Icone di Sanremo sono anche le numerose architetture della
Belle Epoque che costeggiano il mare o si integrano perfettamente nel centro abitato come nel caso di
Villa Ormond. Talvolta alberghi e ville assumono forme classicheggianti, in altri casi ricordano lo stile medioevale, così come anche quello esotico con un continuo richiamo a stucchi, marmi e legni intagliati.
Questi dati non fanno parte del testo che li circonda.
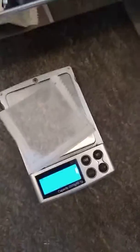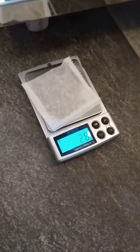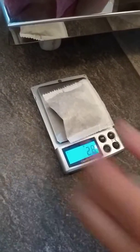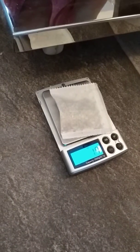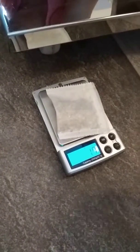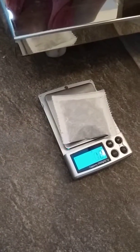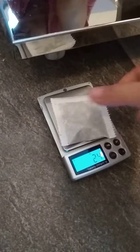When we try to measure each piece, it should be 2.0, but the readings are 2.8 — too much — 2.7, then 1.7 which is too low, and 2.4 which is too much.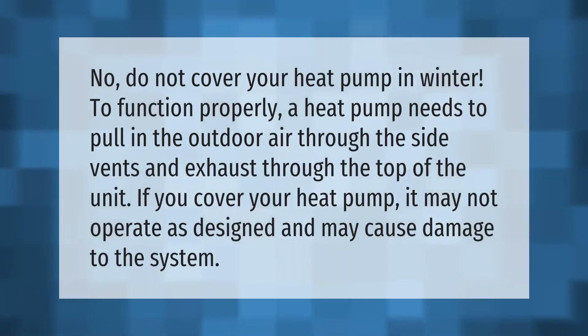Do not cover your heat pump in winter. To function properly, a heat pump needs to pull in the outdoor air through the side vents and exhaust through the top of the unit. If you cover your heat pump, it may not operate as designed and may cause damage to the system.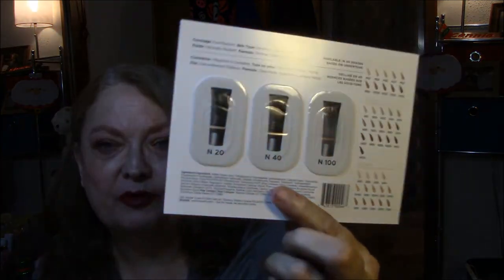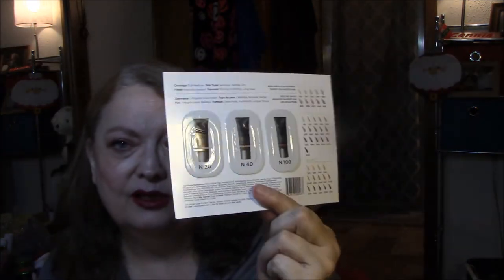And perfume. And now foundation. This is the Cover FX Natural Finish Foundation. It comes in N20, N40, and N100 — full to medium coverage. Skin type is sensitive, normal, dry. Finish is naturally radiant. Formula is oil-free, hydrating, and long wear. It's available in 40 shades. So these are the neutral N colors, and I would have preferred the pink because I have a pink undertone. But maybe I'll try this one.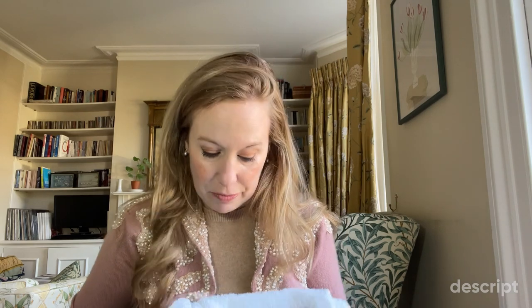Hi, I'm Isla and welcome back to my channel. Today I am going to be sharing a small craft project with you and it's sort of based on a present that somebody gave me a very long time ago.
Ne sono un esempio le
ville Angerer, Zirio, del Sole, Nobel, a fianco a tanti altri piccoli edifici riservati al culto per le comunità straniere che qui soggiornano da tempo. Nella strada di mezza cornice, il corso degli Inglesi, si incontra
Villa Bel Respiro, dallo stile neorinascimentale, oggi sede dell'Istituto sperimentale per la Floricoltura e poco oltre il
castello Devachan – che in lingua indiana significa "Porta del Paradiso"- il cui primo proprietario, era stato un conte inglese vissuto per molti anni in India. In prossimità del Casinò un altro nobile straniero, il barone tedesco Thiem, fece costruire Villa Noseda, la sua dimora in stile gotico. Concludiamo l'itinerario nel verde con la visita al Parco Marsaglia, con le sue palme dal tronco panciuto, le yucche, e l'auditorium che d'estate ospita concerti di musica classica e jazz.